The effectiveness of a new biodegradable penetration enhancer, dodecyl N, N-dimethylamino isopropionate (DDAIP) was compared to dodecyl N, N-dimethylamino acetate (DDAA), another biodegradable penetration enhancer, and to Azone®, lauryl alcohol (LA), and oleic acid (OA) in vitro using shed snake skin in modified Franz-type diffusion cells. 5-Fluorouracil (5FU), a hydrophilic drug with poor skin permeability, was used as a model permeant. Skin samples were pretreated with pure liquid enhancers. 5FU flux through the control and enhancer treated skin increased linearly with its concentration in the donor compartment. DDAIP and DDAA interacted with the skin rapidly (< 2 h), and the duration of action is at least 24 h.
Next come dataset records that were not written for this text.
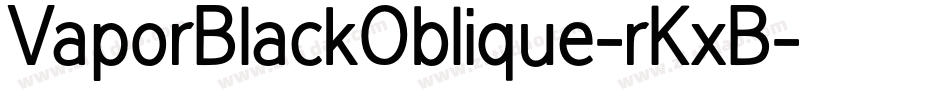 VaporBlackOblique-rKxB字体转换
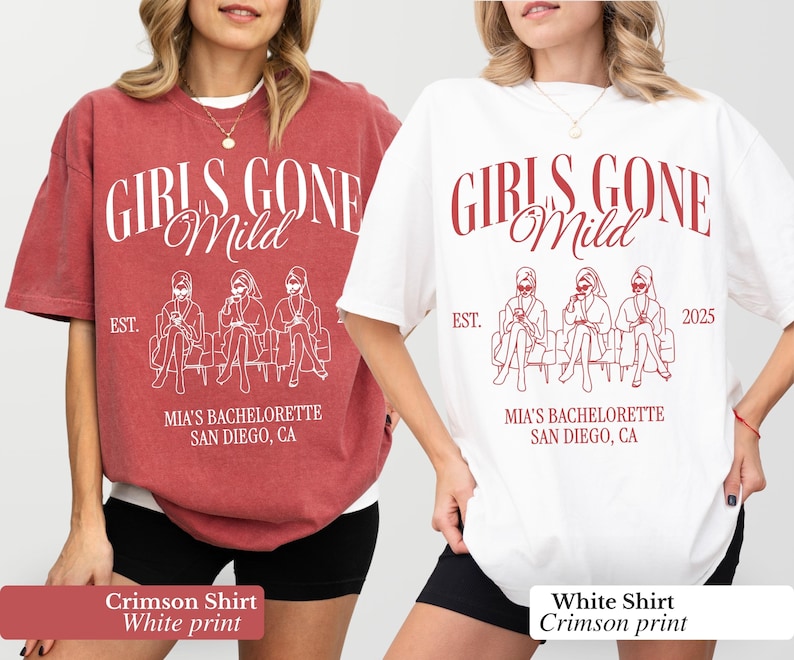 May include: Two oversized t-shirts, one crimson and one white, each with a graphic that reads "GIRLS GONE Mild" above an illustration of three figures. Below the illustration is "MIA'S BACHELORETTE SAN DIEGO, CA".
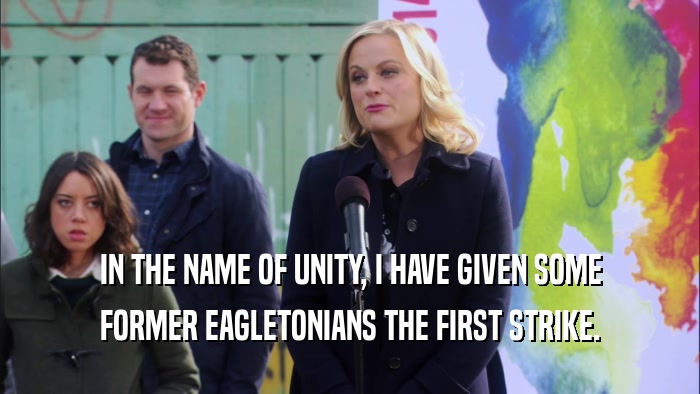 IN THE NAME OF UNITY, I HAVE GIVEN SOME FORMER EAGLETONIANS THE FIRST STRIKE. 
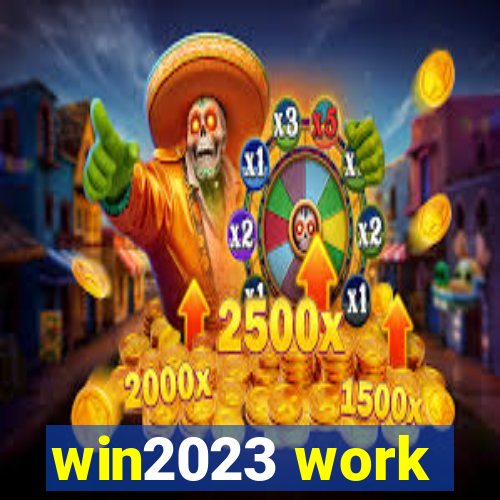 win2023 work
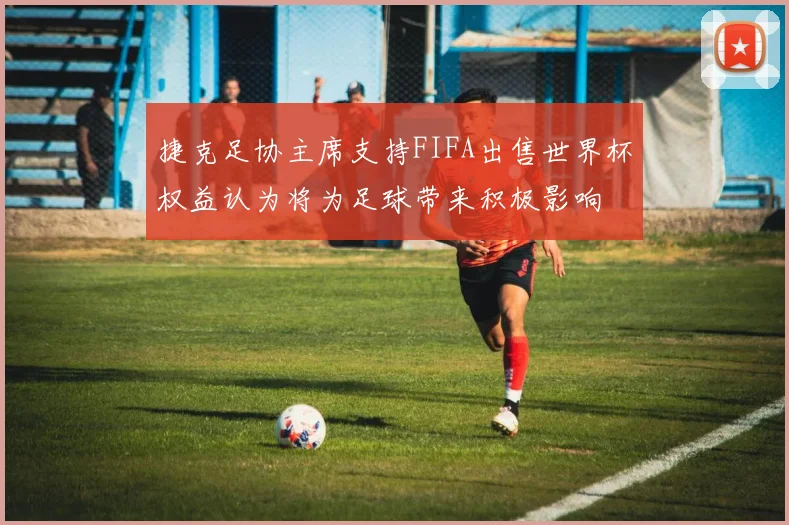 捷克足协主席支持FIFA出售世界杯权益认为将为足球带来积极影响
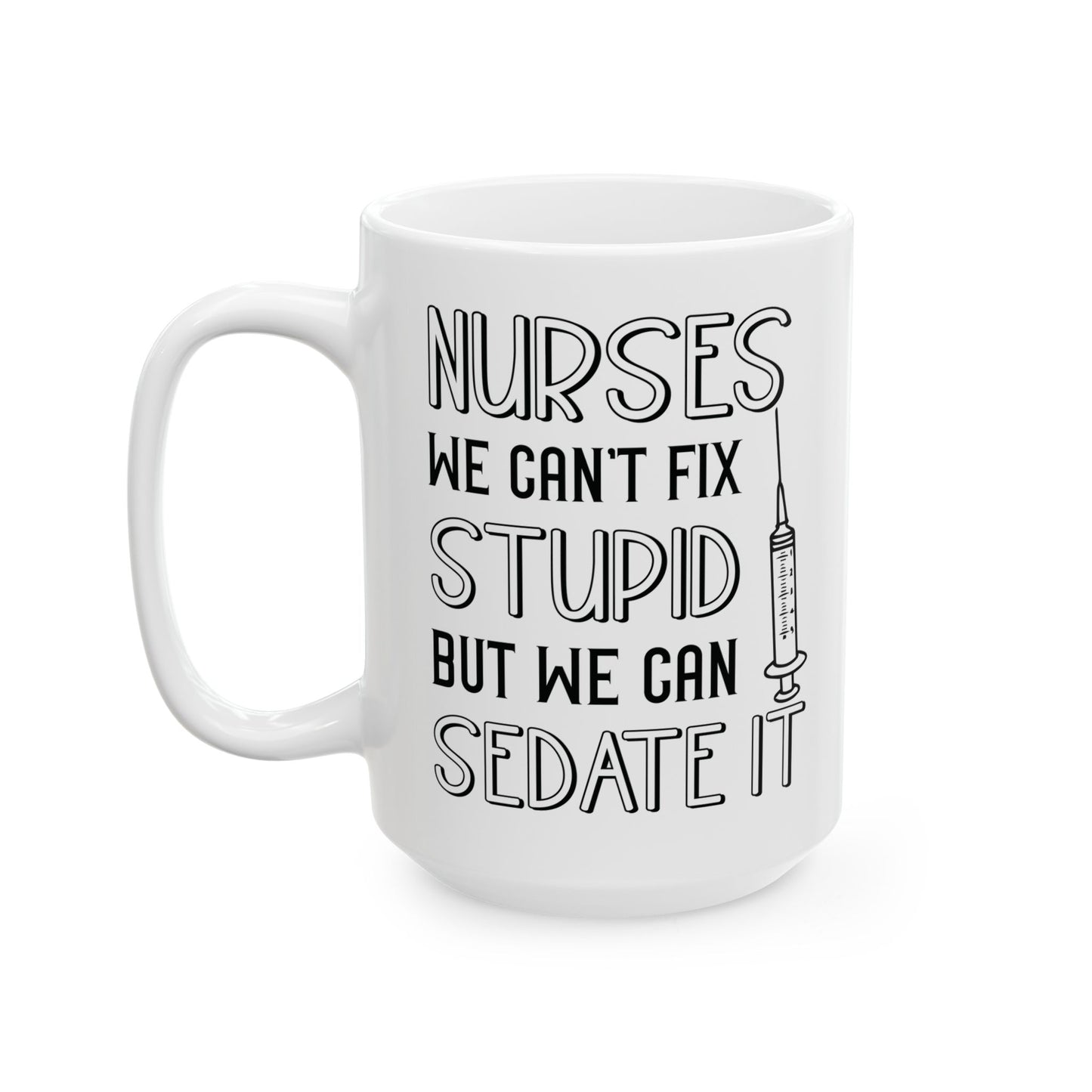 NURSES WE CAN'T FIX 11oz & 15oz White mug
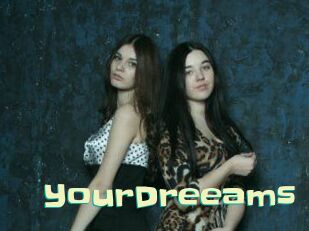 YourDreeams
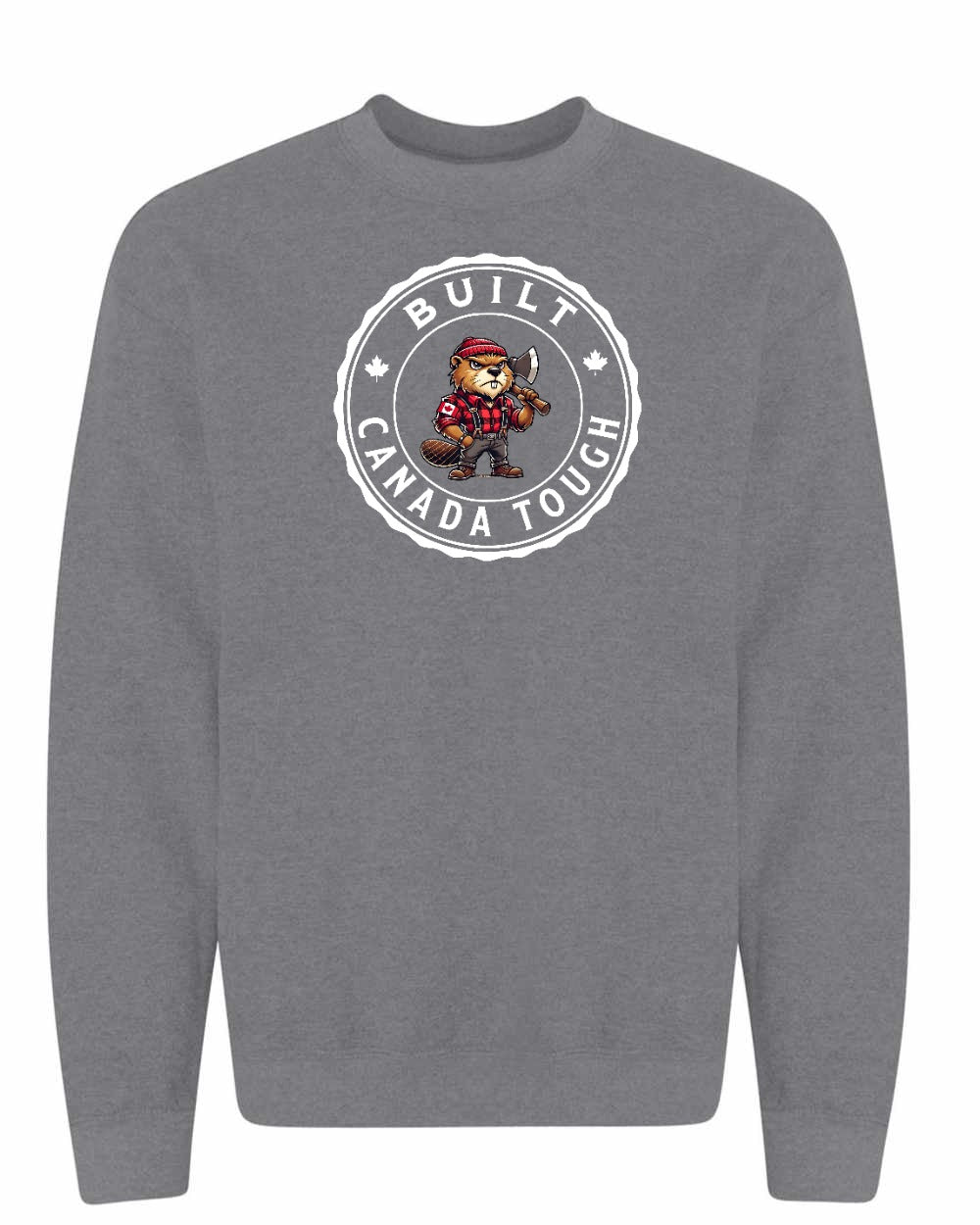 Built Canada Tough Male Beaver Full Crewneck - Gildan Canada (sewn Internationally)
The transdermal flux of 5FU increased substantially (> 40-fold) with the dose of DDAIP up to 10 μ1. Thereafter the flux did not increase significantly. With DDAA no plateau effect was observed with the applied volumes up to 50 μ1. Skin pretreatment with 5 μ1 of DDAIP, DDAA, Azone®, LA, and OA increased the permeability of 5FU 69-, 24-, 23-, 5-, and 2-times, respectively. Substitution of a methyl group for a hydrogen atom in the acetate moiety of DDAA was observed to markedly increase transdermal penetration enhancement.